Chef-Runner : Start parallelized, incremental GitLab Pages sync

Expected to take ~30 minutes, run in screen/tmux! On the Azure pages NFS server!
Updates to pages after the transfer starts will be lost.
The user running the rsync must have full sudo access on both azure and gcp pages.
Very manual, looks a little like the following at present:

Staging:

ssh 10.133.2.161 # nfs-pages-staging-01.stor.gitlab.com
tmux
sudo ls -1 /var/opt/gitlab/gitlab-rails/shared/pages | xargs -I {} -P 25 -n 1 sudo rsync -avh -e "ssh -i /root/.ssh/stg_pages_sync -o StrictHostKeyChecking=no -o UserKnownHostsFile=/dev/null -o Compression=no" /var/opt/gitlab/gitlab-rails/shared/pages/{} git@pages.stor.gstg.gitlab.net:/var/opt/gitlab/gitlab-rails/shared/pages

Production:

ssh 10.70.2.161 # nfs-pages-01.stor.gitlab.com
tmux
sudo ls -1 /var/opt/gitlab/gitlab-rails/shared/pages | xargs -I {} -P 25 -n 1 sudo rsync -avh -e "ssh -i /root/.ssh/pages_sync -o StrictHostKeyChecking=no -o UserKnownHostsFile=/dev/null -o Compression=no" /var/opt/gitlab/gitlab-rails/shared/pages/{} git@pages.stor.gprd.gitlab.net:/var/opt/gitlab/gitlab-rails/shared/pages

Failover Call

These steps will be run in a Zoom call. The 🐺 Coordinator runs the call, asking other roles to perform each step on the checklist at the appropriate time.
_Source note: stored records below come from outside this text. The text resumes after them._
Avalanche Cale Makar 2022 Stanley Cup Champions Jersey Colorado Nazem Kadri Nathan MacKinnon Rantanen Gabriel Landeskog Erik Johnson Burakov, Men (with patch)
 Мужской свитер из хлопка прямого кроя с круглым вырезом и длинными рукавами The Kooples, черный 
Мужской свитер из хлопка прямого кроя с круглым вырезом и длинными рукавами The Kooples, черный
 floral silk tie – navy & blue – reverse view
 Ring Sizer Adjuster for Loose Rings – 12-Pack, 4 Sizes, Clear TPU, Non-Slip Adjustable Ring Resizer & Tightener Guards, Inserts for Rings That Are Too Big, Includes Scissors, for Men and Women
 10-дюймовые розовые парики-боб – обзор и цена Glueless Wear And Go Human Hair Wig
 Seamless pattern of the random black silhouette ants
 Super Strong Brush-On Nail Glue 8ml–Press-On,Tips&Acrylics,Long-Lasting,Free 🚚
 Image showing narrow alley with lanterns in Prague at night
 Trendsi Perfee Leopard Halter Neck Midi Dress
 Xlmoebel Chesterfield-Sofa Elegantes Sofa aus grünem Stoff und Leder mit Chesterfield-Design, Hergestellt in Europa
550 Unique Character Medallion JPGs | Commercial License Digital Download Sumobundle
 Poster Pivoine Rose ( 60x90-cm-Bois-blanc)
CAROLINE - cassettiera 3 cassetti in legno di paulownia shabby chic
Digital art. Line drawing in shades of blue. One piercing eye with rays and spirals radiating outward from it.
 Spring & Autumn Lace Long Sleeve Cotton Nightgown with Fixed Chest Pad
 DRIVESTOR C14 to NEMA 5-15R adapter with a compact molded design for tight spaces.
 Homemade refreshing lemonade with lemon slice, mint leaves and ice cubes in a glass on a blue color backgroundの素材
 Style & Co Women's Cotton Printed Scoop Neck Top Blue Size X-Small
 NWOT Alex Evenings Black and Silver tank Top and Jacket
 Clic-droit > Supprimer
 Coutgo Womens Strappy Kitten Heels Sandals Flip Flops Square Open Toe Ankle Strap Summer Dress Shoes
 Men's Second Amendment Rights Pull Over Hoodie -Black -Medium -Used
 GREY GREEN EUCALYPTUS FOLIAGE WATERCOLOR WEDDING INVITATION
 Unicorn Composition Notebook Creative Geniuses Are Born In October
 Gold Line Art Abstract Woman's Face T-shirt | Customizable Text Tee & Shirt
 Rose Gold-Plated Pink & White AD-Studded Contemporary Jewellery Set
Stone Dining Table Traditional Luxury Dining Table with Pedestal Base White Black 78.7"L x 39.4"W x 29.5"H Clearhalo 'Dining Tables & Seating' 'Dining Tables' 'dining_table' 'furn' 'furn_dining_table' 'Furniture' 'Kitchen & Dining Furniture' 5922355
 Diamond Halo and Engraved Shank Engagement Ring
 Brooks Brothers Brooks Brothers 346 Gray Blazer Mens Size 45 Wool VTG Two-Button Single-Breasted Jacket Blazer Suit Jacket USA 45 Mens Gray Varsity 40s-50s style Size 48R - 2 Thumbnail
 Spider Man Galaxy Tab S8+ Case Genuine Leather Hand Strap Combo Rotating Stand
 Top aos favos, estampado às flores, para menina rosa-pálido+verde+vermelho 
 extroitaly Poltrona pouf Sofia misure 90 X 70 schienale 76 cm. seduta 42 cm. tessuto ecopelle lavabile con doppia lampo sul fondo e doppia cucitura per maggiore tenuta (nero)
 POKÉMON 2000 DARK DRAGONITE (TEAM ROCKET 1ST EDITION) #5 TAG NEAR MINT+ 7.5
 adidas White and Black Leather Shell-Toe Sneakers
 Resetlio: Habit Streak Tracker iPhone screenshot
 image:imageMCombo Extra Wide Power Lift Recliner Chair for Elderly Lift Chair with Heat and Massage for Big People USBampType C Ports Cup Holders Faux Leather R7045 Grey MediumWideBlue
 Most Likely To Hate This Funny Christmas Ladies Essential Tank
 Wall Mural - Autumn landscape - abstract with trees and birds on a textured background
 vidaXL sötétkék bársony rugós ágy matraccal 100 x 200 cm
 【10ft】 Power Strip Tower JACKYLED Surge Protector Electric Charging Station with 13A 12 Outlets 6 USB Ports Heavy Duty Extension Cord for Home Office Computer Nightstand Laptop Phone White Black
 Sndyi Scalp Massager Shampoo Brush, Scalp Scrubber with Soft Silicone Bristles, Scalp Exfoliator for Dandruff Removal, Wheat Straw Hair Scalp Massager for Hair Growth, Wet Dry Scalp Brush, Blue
Changes are made one at a time, and verified before moving onto the next step. Whoever is performing a change should share their screen and explain their actions as they work through them. Everyone else should watch closely for mistakes or errors! A few things to keep an especially sharp eye out for:

Exposed credentials (except short-lived items like 2FA codes)
Running commands against the wrong hosts
Navigating to the wrong pages in web browsers (gstg vs. gprd, etc)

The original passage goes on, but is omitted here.